Speaking & Listening in the US
I spent last week in the USA. I was invited by Principia College in Illinois to participate in their Lucha Noerager Vogel Program on Moral Courage. I had a speech there devoted to my experience of nonviolently opposing authoritarianism in Russia, and I also mentioned the experience of Belarus and Ukraine. Apart from that, I met with a lot of student at classes and gave an interview for the college’s Internet radio (downloadable here). The guys there are very thoughtful and polite; their interests and questions were very different from political science students who I used to talk to.

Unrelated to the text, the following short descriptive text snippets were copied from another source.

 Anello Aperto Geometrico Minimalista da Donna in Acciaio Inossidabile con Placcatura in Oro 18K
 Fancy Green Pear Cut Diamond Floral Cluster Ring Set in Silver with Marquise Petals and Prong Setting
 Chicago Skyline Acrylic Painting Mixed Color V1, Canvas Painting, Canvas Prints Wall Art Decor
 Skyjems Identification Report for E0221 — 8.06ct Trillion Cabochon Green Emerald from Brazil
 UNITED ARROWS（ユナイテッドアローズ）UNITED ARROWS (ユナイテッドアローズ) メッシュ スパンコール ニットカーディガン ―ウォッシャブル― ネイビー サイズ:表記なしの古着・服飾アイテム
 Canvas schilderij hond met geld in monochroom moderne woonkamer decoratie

Before coming to Illinois, I spent a few days in Washington, DC. I attended a brilliant panel on rule of law in Russia organized by Cato Institute. Karinna Moskalenko and Robert Amsterdam, both prominent international lawyers and both very active in their defense of Russian citizens from political repression (e.g. Mikhail Khodorkovsky is a client of both of them), as well as Andrei Illarionov, one of the Russia’s most respected economists, discussed prospects for Russian democracy as well as US-Russia relations. This discussion’s video posted by Bob Amsterdam is highly recommended.
I also had a panel of my own at American Enterprise Institute. I was talking about the numerous problems with freedom of assembly in Russia, from vague legislation to police brutality to violent assaults on protests. I am also going to talk about this issue next week at the Washington Human Rights Summit.

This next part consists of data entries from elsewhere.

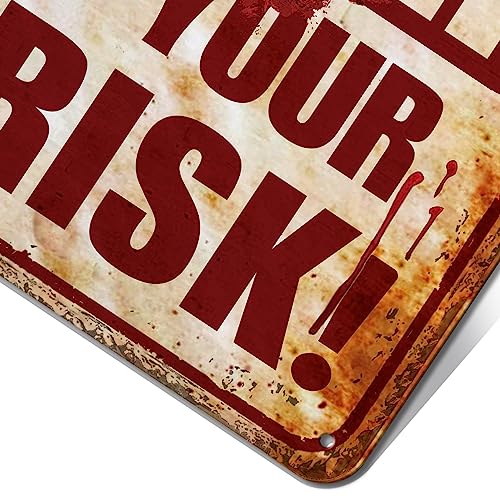 Halloween Bloody Horror Metal Sign Outdoor Indoor Decor - Multi
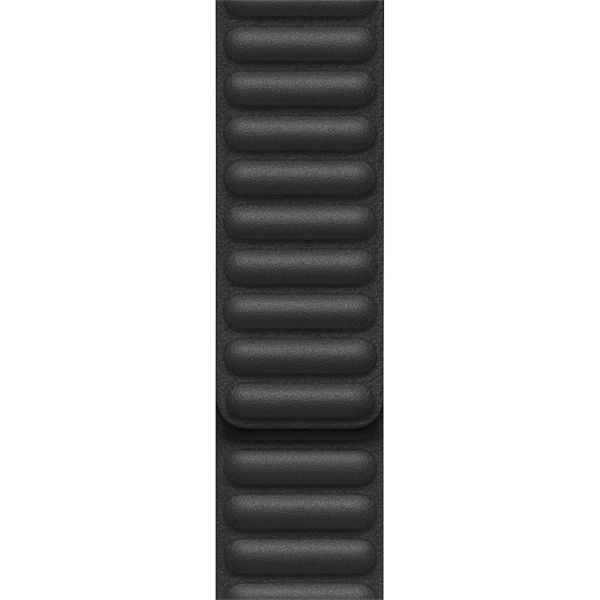 Apple Bracelet Leather Link Apple Watch Series 1 t/m 9 / SE (38/40/41 mm) | Series 10 / 11 (42 mm) - Taille S/M - Noir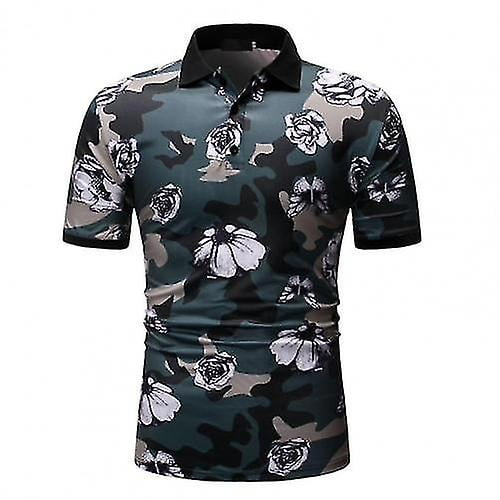 Camisas elegantes para hombres Polieste elástico con estampado de flores a la moda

My way back from Principia to Moscow was troubled by the Washington snowfall. Although I was staying in St Louis, i.e. quite far from DC, my flight had to stop at Dulles Airport and was cancelled. After waiting in the town for three days, I had to rebook my tickets and go via Chicago and Zurich. But thanks to that delay, I managed to meet Craig Pirrong a.k.a. Streetwise Professor, a Houston professor of Economics and the author of a great blog on Russia’s economy. He has already posted an entry about our meeting.
PS: I was surprised to know how many participants of the AEI discussion (many of them, too, were students) and not just them read my blog (hi!).